# Blackberry & Raspberry Melomel Help



## the_rayway (Aug 22, 2012)

Hi All,
I'm looking to try my hand at making two small batches of melomel using the fruit in the secondary. It seems like that's the way to go if you want to keep the most of the fruit flavours, from what I've read on the site.

Here's what I'm thinking to start:
3 Gal plain mead
12 Lbs honey
Water to top up
3 Campden tablets
3t yeast nutirent
1t energizer
1.5t pectic enzyme
1.5t acid blend
1116 yeast

I'm thinking I would get that down to 1.020 then rack it into my one gallon jugs on top of the berries:

5lbs blackberries and same raspberries in two different jugs.
Add a bit more pectic & acid blend?

My questions are: should I juice the berries? Or leave them whole? Do I really siphon the mead onto them in the jugs? Will the re-fermentation make them into volcanoes? Suggestions for adjustments to the powders? Do you think I am using enough/not enough/too much fruit?

Any feedback and suggestions from the mead gurus would be really appreciated!
Ray


----------



## mmadmikes1 (Aug 22, 2012)

There will be little need for acid blend with blackberries or raspberries. Test the PH first. I go for 3.4 to 3.6


----------



## the_rayway (Aug 22, 2012)

Still don't have an acid test kit...need to get one of those, but was hoping that I could squeeze by without one for a little while. Am blowing thru the 'budget' hubby set for me really quickly!


----------



## saramc (Aug 22, 2012)

Many mazers opt not to use campden when making mead...just something to consider...the honey tends to do the policing for you. You will need to decide about introducing the campden when adding the berries--are they commercially frozen or fresh/fresh frozen with wild yeast?
But, then again--there are many who opt out on Campden during fermentation of mead.
No reason to add pectic enzyme when making just a basic mead, though you will want to add it once you introduce the berries (which I would introduce when the S.G. has dropped by 2/3, rather than creating a "number"). 
I would also opt out on the acid blend since you are adding the berries. You can pick up an acid test kit for $6-9. 
If you have a steam juicer then you could definitely juice the berries, otherwise I would just keep everything in the primary bucket for another 5-7 days, stirring/gently squeezing at least twice a day and then transfer to carboy/airlock. 
But, that is just me.


----------



## the_rayway (Aug 22, 2012)

Thanks saramc!
I'm basing my recipe off of Terry Garey's book, and she always seems to use campden tabs. The berries are fresh ones that I froze at home, so there is a chance of wild yeast. Do you think I should still use the tabs in this case? Also, how much pectic do you think I should add to each gallon? I thought I remember reading that blackberry can be difficult to clear?

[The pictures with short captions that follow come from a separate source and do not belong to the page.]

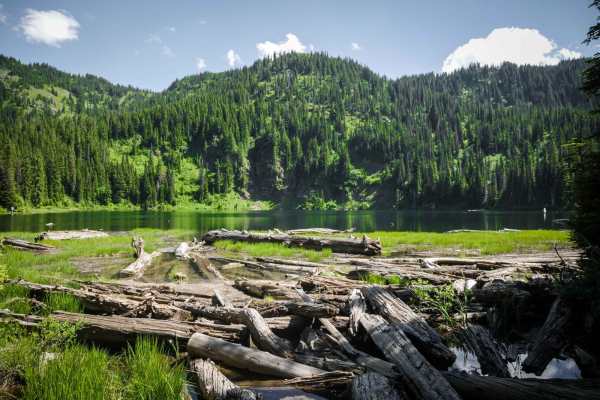 Lake Elsie Ridge ATV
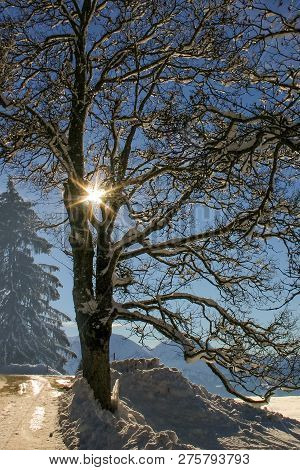 The Sun Shines Through The Branches Of A Deciduous Tree Covered In Snow, Against The Backdrop Of The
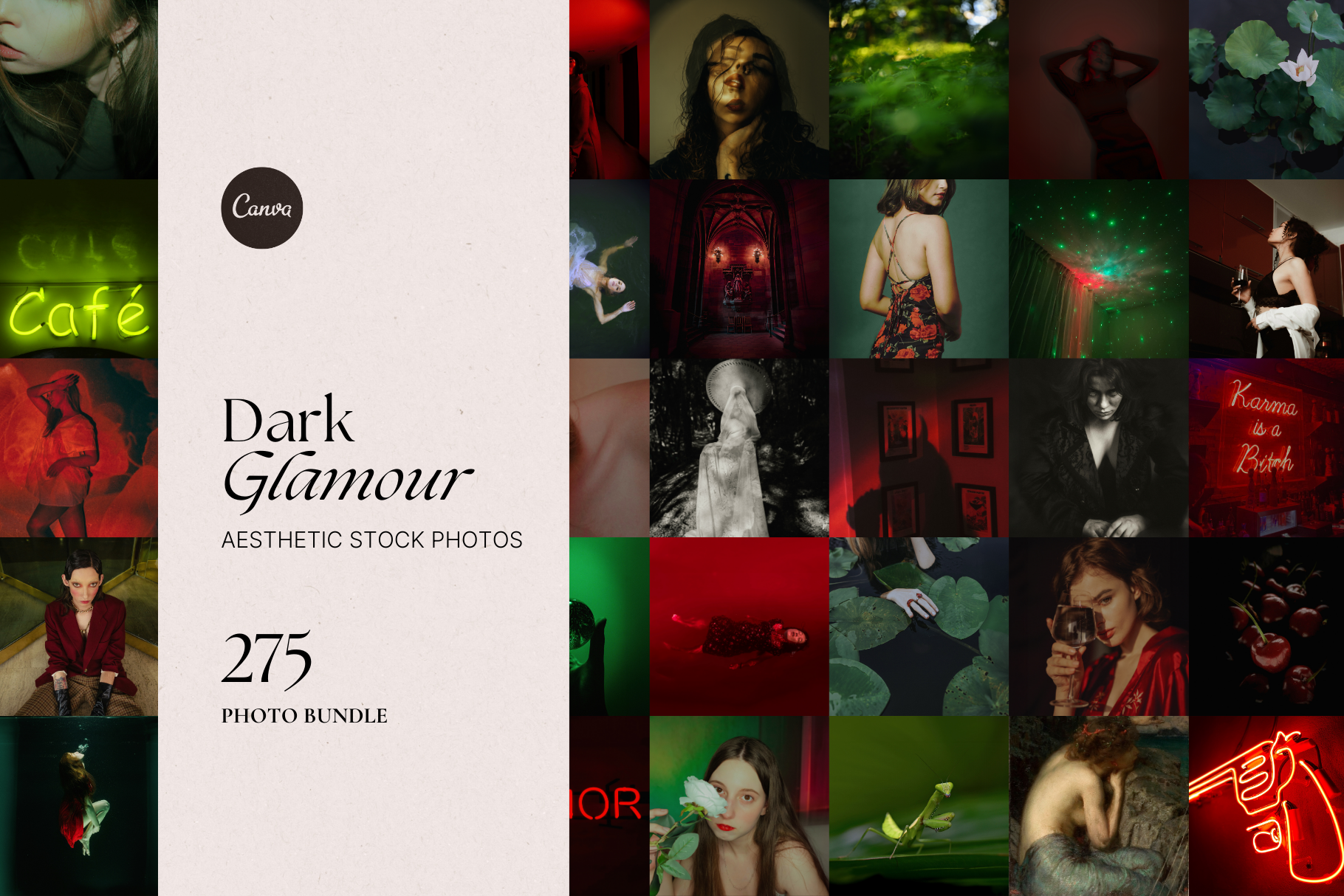 Dark Glamour Stock Photo Bundle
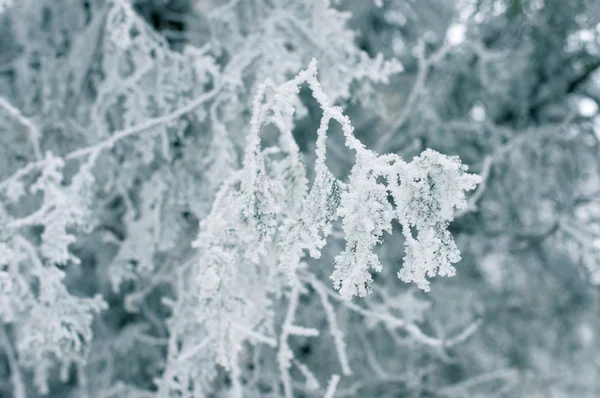 Thuja congelado — Fotografia de Stock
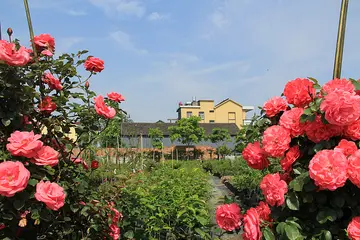 学校的花园作文（《梦想的花园》）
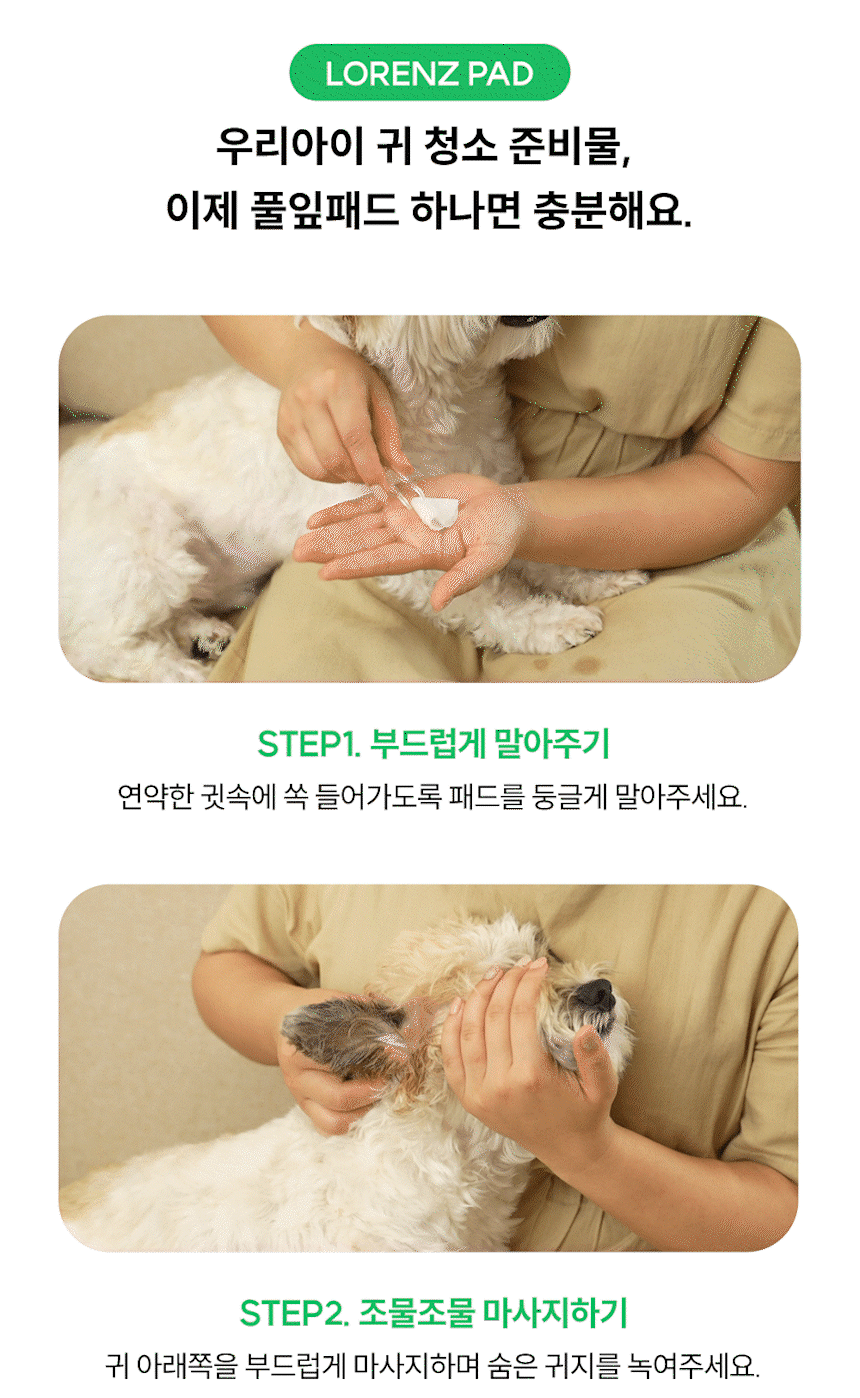 [사업자전용] 로렌츠 풀잎패드 40매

Sadly, no steam juicer, so it'll probably be into primaries for the fruit additions 

Gotta get one of those test kits...


----------



## mmadmikes1 (Aug 22, 2012)

I have never added Campden (KMeta)Never had a problem. you would be better off not adding acid blend with blackberries and raspberries than than adding. If you are going to keep making wine you have to get one. Otherwise you may be making some really lousy wine or mead.


----------



## the_rayway (Aug 23, 2012)

Thanks mmadmikes1, looks like it's off to the LHBS for me!


----------



## UBB (Aug 23, 2012)

what would the suggested aging time be for this stuff? 18 months??


----------



## Deezil (Aug 23, 2012)

UBB said:


> what would the suggested aging time be for this stuff? 18 months??



Meads take their sweet time. They take time to ferment, they take time to clear, and they take time to age... 

It'd probably be decent at 18 months, maybe a bit green still.. Probably drinkable at 2 years.. Probably amazing somewhere between 3-5 years

But i refuse to drink anything before its ready to show me what its really made of, so i tend to wait longer than most


----------



## UBB (Aug 23, 2012)

Deezil said:


> Meads take their sweet time. They take time to ferment, they take time to clear, and they take time to age...
> 
> It'd probably be decent at 18 months, maybe a bit green still.. Probably drinkable at 2 years.. Probably amazing somewhere between 3-5 years
> 
> But i refuse to drink anything before its ready to show me what its really made of, so i tend to wait longer than most



That's been my biggest hangup about making a bunch of mead as I have a great local source of ND Honey! It'd be tough to tie up several carboys for 2 years.


----------



## Deezil (Aug 23, 2012)

Once its cleared & you're just bulk aging - you can bottle it if you want the carboys back.. Just let it age in the bottles


----------



## UBB (Aug 23, 2012)

Deezil said:


> Once its cleared & you're just bulk aging - you can bottle it if you want the carboys back.. Just let it age in the bottles


good point


----------



## the_rayway (Aug 23, 2012)

I'm trying to do along the lines of 1-2 batches per month, that way I have a good flow for carboy exchanges without having to find more primaries. 

I'm also figuring on bottling the small batches in 1/2 bottles so I can pop them open at different stages to see what they're like during the aging process. If something tastes really good and seems like it's going to age well - I'll make a bigger batch!


----------



## mmadmikes1 (Aug 24, 2012)

I bottle a cuople bottles out of 6 gallon carboy and age rest in Corney pop kegs. I purge O2 with CO2 and they give me an air tight, O2 free,stable temperature vessel to age in. Mead also is slow to de gas . But some stuff is drinkable at 6 month even if it is not at its best


----------



## the_rayway (Sep 26, 2012)

I'm looking for quality in terms of taste and ageing with my meads/wines. So I'm hoping I can wait till at least 1 year before popping the first taster... 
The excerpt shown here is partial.